- [WORK TO BE COMPLETED] Exclude the pictures and transcribe the rest of the data below exactly.

- [DATA BLOCK]
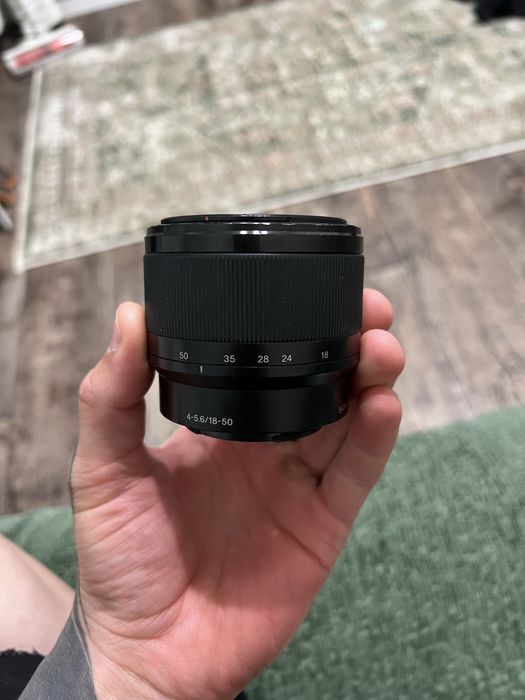 Обьектив sony e-mount 18-50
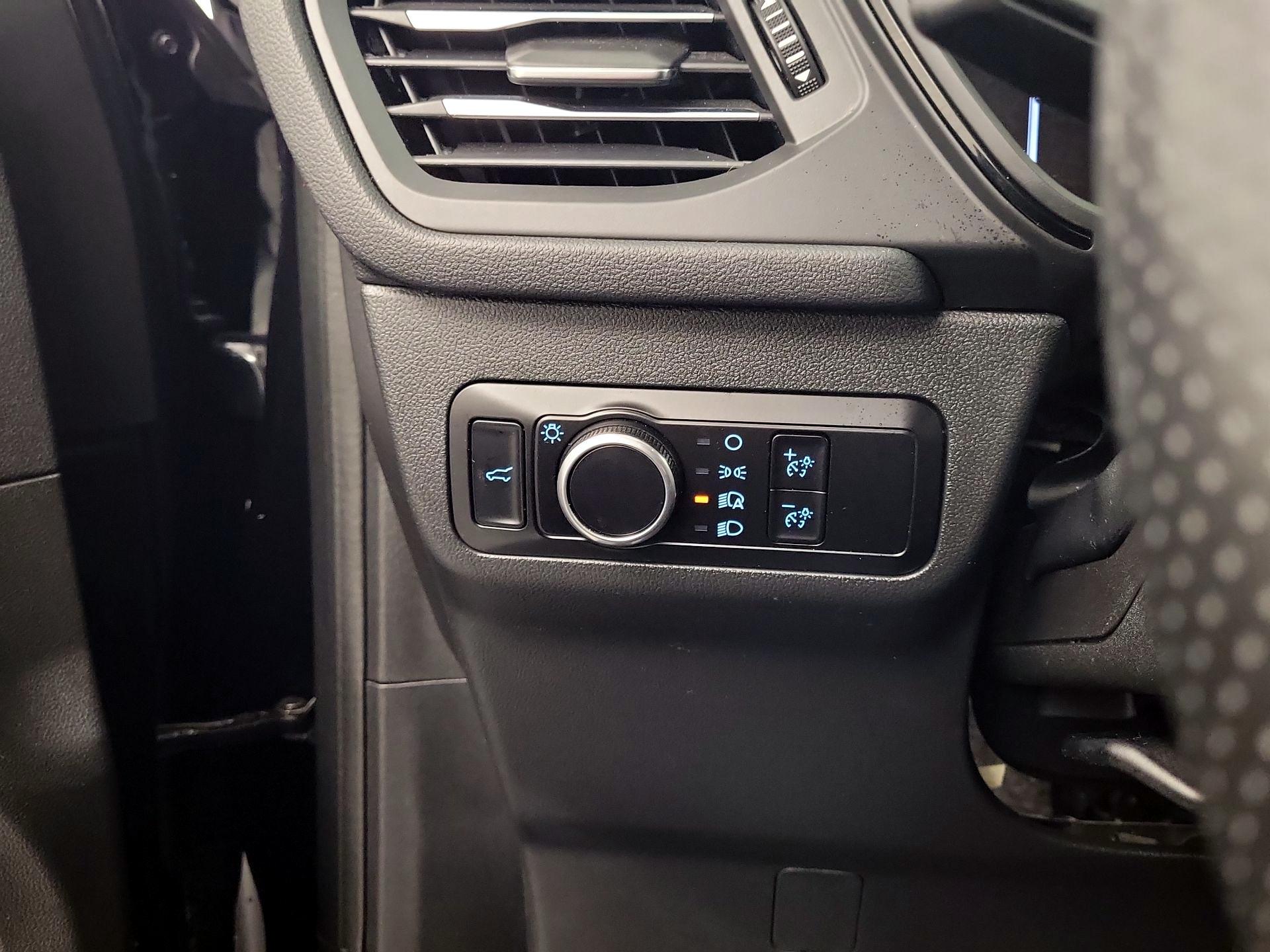 Thumbnail: 2023 Ford Escape - 13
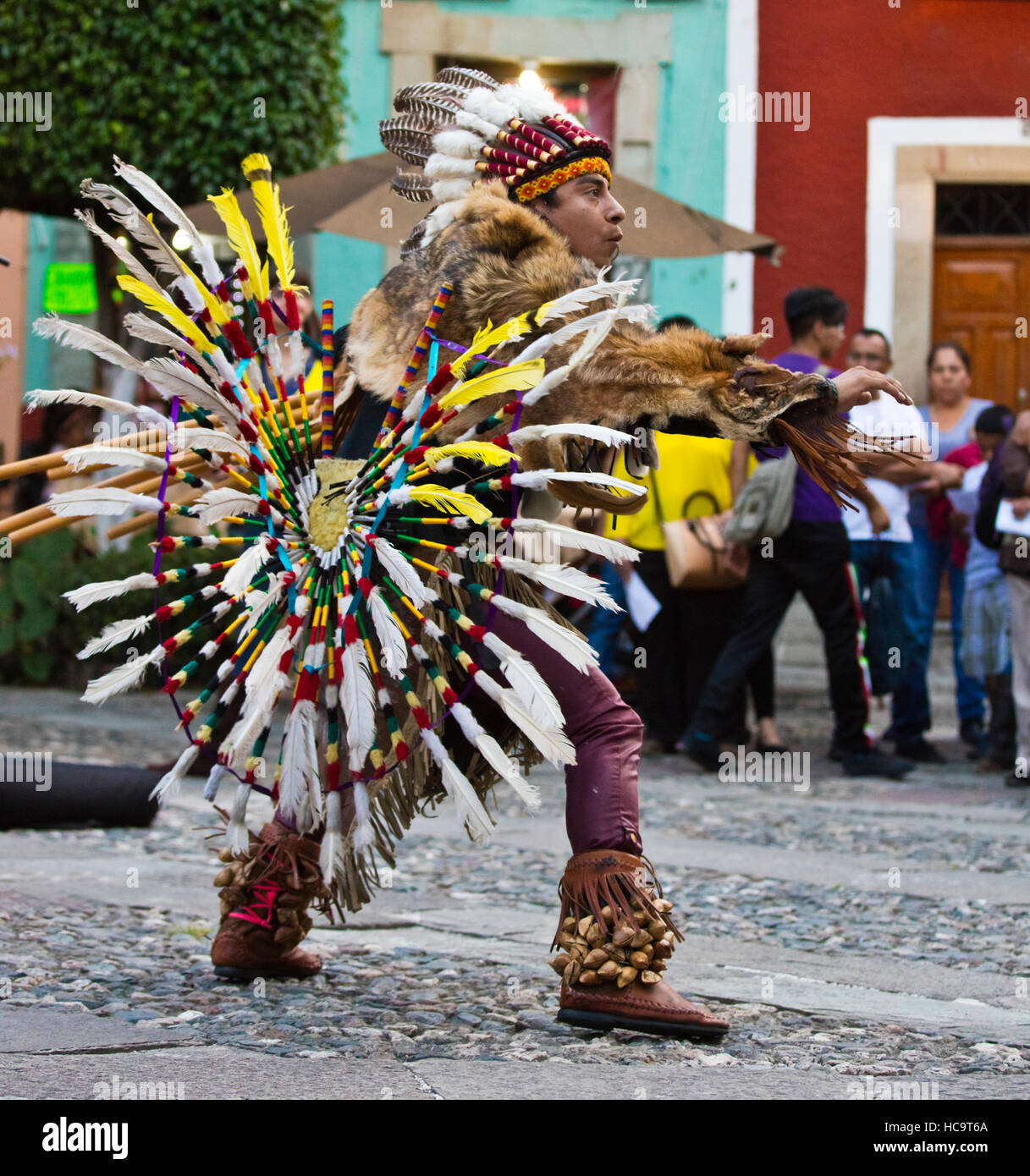 Le groupe équatorien RUNAS INTI joue flûte de pan et des danses traditionnelles en costume Indiginous - Guanajuato, Mexique Banque D'Images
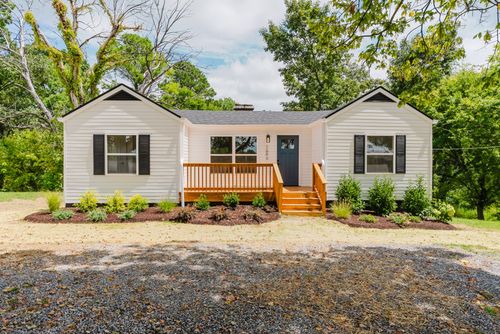 1646 Pleasant Grove Rd, Westmoreland, TN, 37186-2145 | Card Image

- [EXERCISE OUTPUT]
 Обьектив sony e-mount 18-50
 Thumbnail: 2023 Ford Escape - 13
 Le groupe équatorien RUNAS INTI joue flûte de pan et des danses traditionnelles en costume Indiginous - Guanajuato, Mexique Banque D'Images
 1646 Pleasant Grove Rd, Westmoreland, TN, 37186-2145 | Card Image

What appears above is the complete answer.